(Exercise data)
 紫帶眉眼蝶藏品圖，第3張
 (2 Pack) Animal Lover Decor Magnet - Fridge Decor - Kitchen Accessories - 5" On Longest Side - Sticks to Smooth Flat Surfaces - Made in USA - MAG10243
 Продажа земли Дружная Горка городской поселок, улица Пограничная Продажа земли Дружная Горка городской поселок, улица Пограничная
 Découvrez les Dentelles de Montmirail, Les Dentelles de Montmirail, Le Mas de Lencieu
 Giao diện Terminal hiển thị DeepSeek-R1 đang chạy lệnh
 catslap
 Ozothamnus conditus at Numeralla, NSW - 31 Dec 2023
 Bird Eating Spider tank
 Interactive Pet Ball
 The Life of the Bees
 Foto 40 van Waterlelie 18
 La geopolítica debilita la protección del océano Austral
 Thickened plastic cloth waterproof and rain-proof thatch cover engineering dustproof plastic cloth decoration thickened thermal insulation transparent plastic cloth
(End Exercise data)
(Exercise data)
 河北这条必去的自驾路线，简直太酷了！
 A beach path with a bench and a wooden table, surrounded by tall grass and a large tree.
(End Exercise data)
> _Required work_:
Your answer should consist solely of the lines above from the line with "The Life of the Bees" to the line with "Thickened plastic cloth", both included, reproduced exactly.

> _Answer to the problem_:
 The Life of the Bees
 Foto 40 van Waterlelie 18
 La geopolítica debilita la protección del océano Austral
 Thickened plastic cloth waterproof and rain-proof thatch cover engineering dustproof plastic cloth decoration thickened thermal insulation transparent plastic cloth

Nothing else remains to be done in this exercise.